THEXMM-NEWTONWIDE-FIELD SURVEY IN THE COSMOS FIELD (XMM-COSMOS): DEMOGRAPHY AND MULTIWAVELENGTH PROPERTIES OF OBSCURED AND UNOBSCURED LUMINOUS ACTIVE GALACTIC NUCLEI

Abstract

We report the final optical identifications of the medium-depth (~60 ks), contiguous (2 deg²) XMM-Newton survey of the COSMOS field. XMM-Newton has detected ~1800 X-ray sources down to limiting fluxes of ~5 × 10^–16, ~3 × 10^–15, and ~7 × 10^–15 erg cm^–2 s^–1 in the 0.5-2 keV, 2-10 keV, and 5-10 keV bands, respectively (~1 × 10^–15, ~6 × 10^–15, and ~1 × 10^–14 erg cm^–2 s^–1, in the three bands, respectively, over 50% of the area).
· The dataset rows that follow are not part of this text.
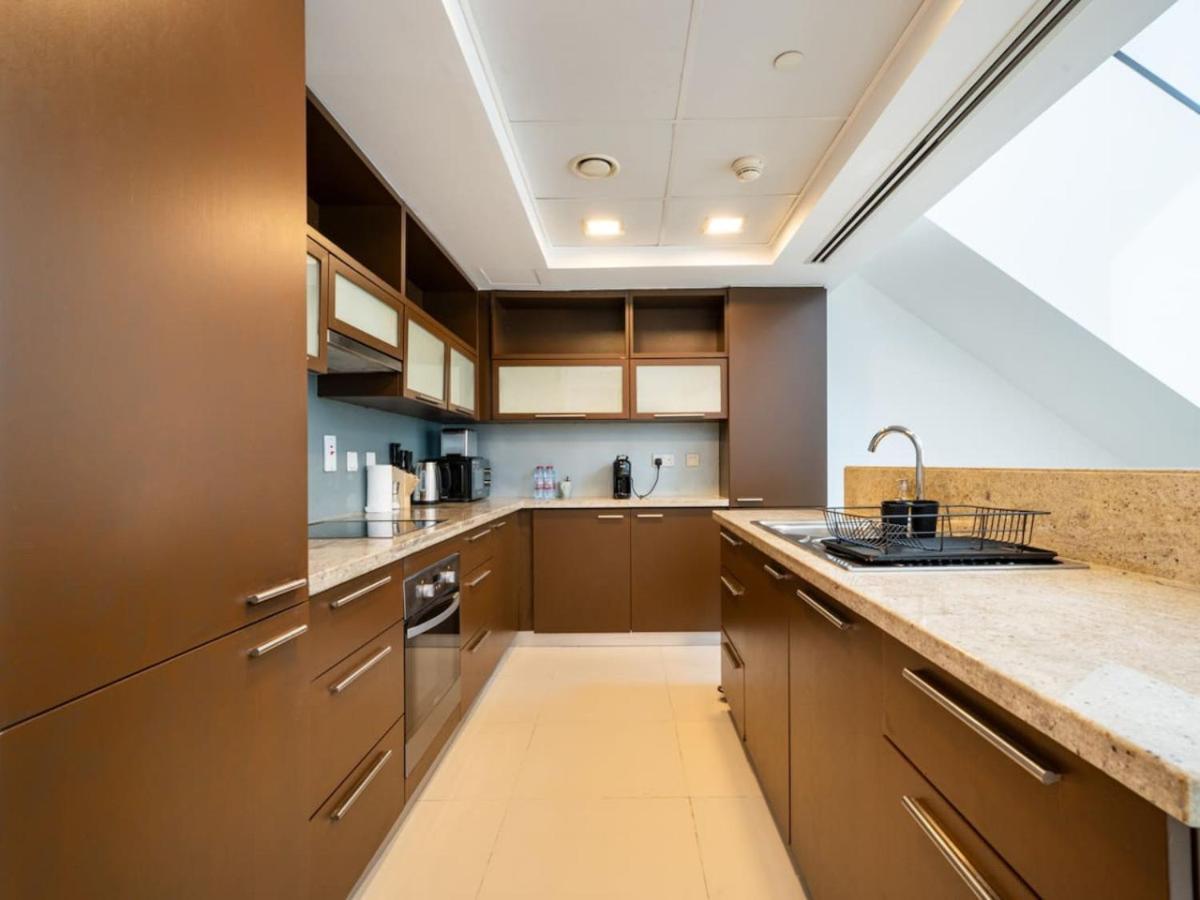 Elegant 2 Bed Downtown Duplex - Prime Location * Dubai
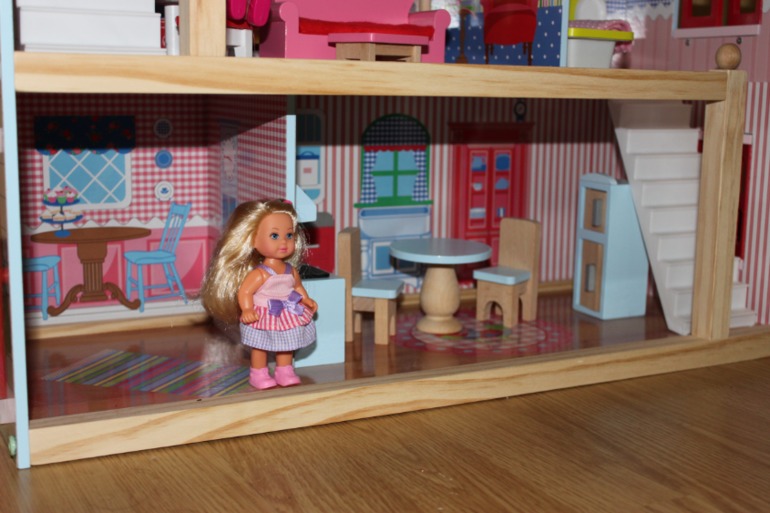 Детские игрушки и кукольные домики из Германии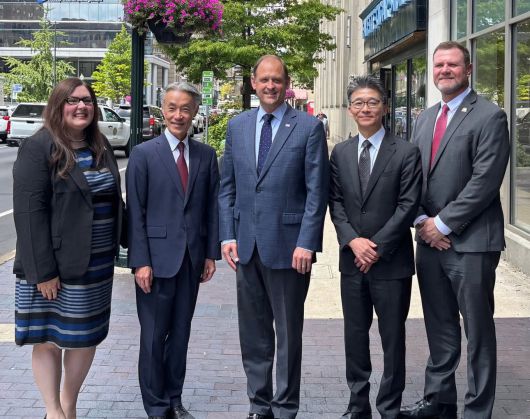 야먀다 시게오(山田重夫) 주미 일본 대사(왼쪽에서 두번째)가 켄터키주가 지역구인 앤디 바 공화당 하원의원(왼쪽에서 세번째)과 기념 촬영을 하고 있다. /주미 일본대사관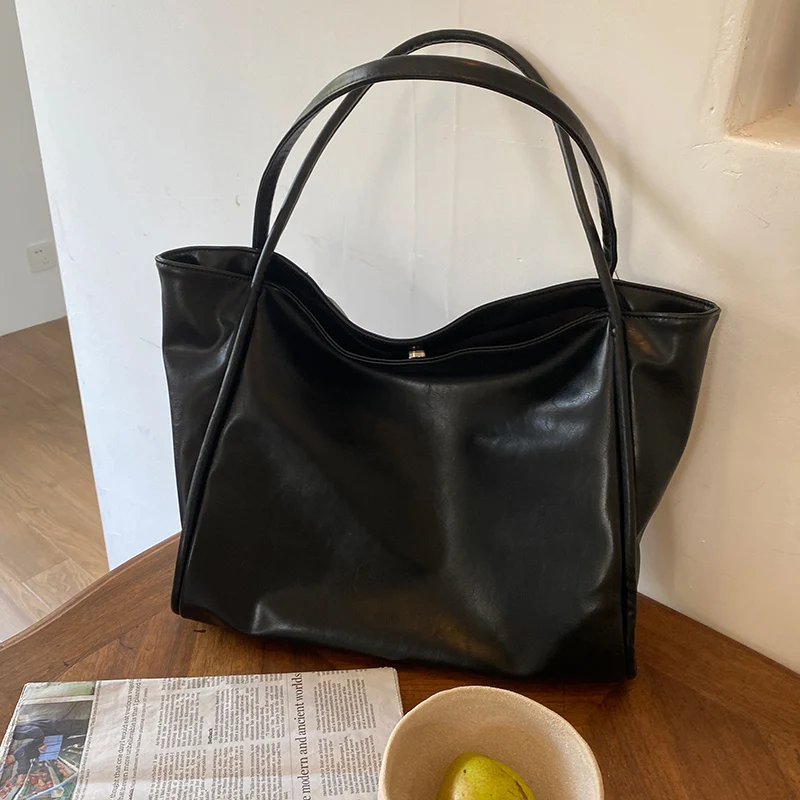 

woman 2023 new soft leather large capacity Tote carrying niche design single shoulder underarm bag class commute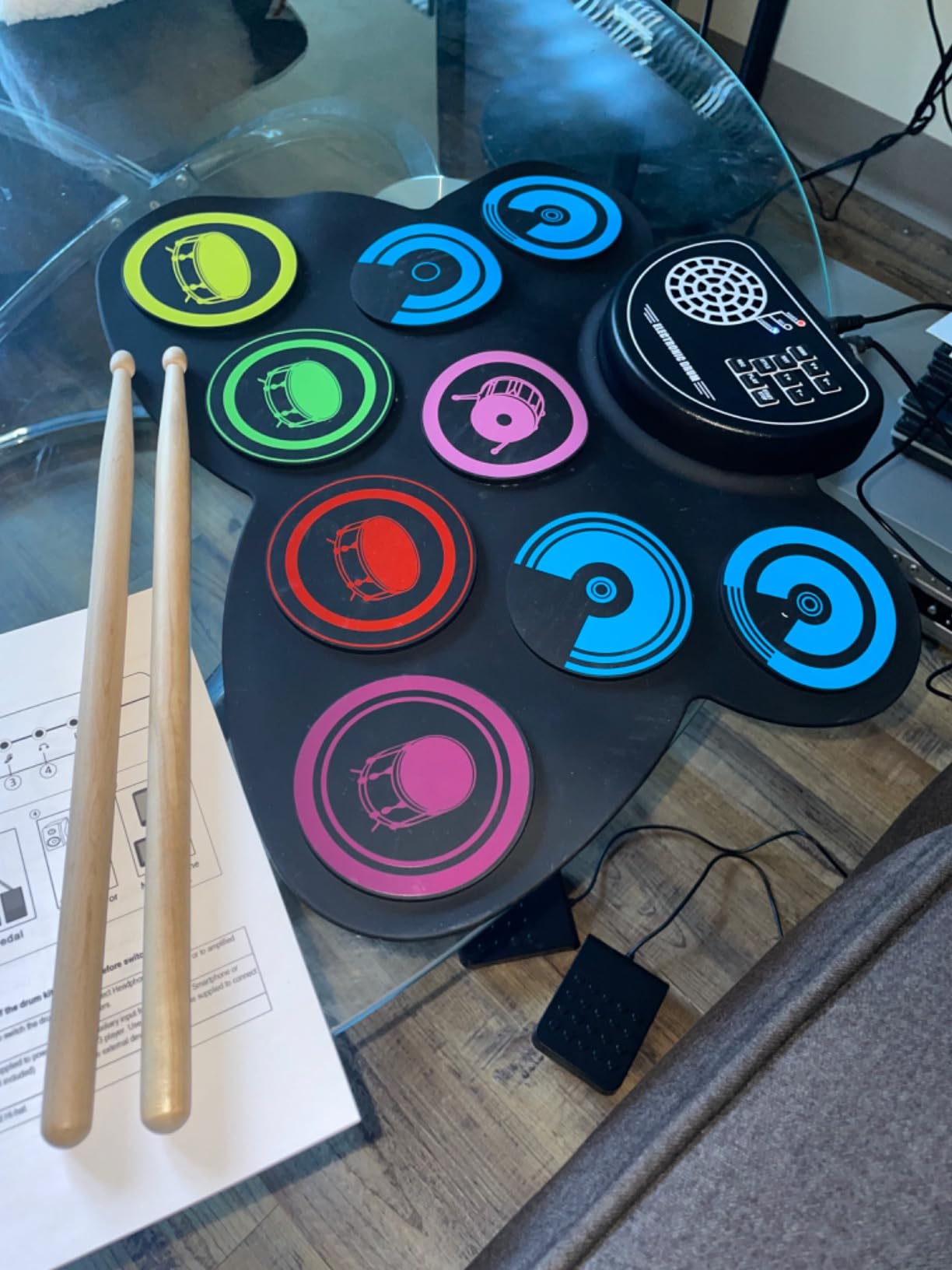 Electric Drum Set, 9 Drum Practice Pad, Roll-up Electronic Drum Pad with Headphone Jack Built-in Speaker Drum Sticks Foot Pedals, Gift for Kids customer photo 2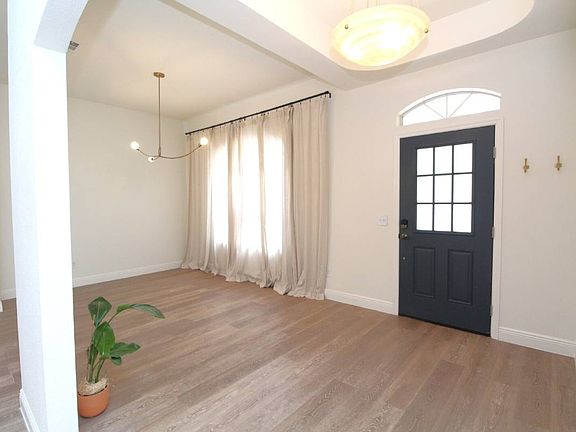 5th image of 174 Emmons Ln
The work is complemented by an extensive collection of multiwavelength data from 24 μm to UV, available from the COSMOS survey, for each of the X-ray sources, including spectroscopic redshifts for 50% of the sample, and high-quality photometric redshifts for the rest. The XMM and multiwavelength flux limits are well matched: 1760 (98%) of the X-ray sources have optical counterparts, 1711 (~95%) have IRAC counterparts, and 1394 (~78%) have MIPS 24 μm detections. Thanks to the redshift completeness (almost 100%) we were able to constrain the high-luminosity tail of the X-ray luminosity function confirming that the peak of the number density of log L_X > 44.5 active galactic nuclei (AGNs) is at z ~ 2. Spectroscopically identified obscured and unobscured AGNs, as well as normal and star-forming galaxies, present well-defined optical and infrared properties. We devised a robust method to identify a sample of ~150 high-redshift (z > 1), obscured AGN candidates for which optical spectroscopy is not available. We were able to determine that the fraction of the obscured AGN population at the highest (L_X > 10⁴⁴ erg s^–1) X-ray luminosity is ~15%-30% when selection effects are taken into account, providing an important observational constraint for X-ray background synthesis. We studied in detail the optical spectrum and the overall spectral energy distribution of a prototypical Type 2 QSO, caught in a stage transitioning from being starburst dominated to AGN dominated, which was possible to isolate only thanks to the combination of X-ray and infrared observations.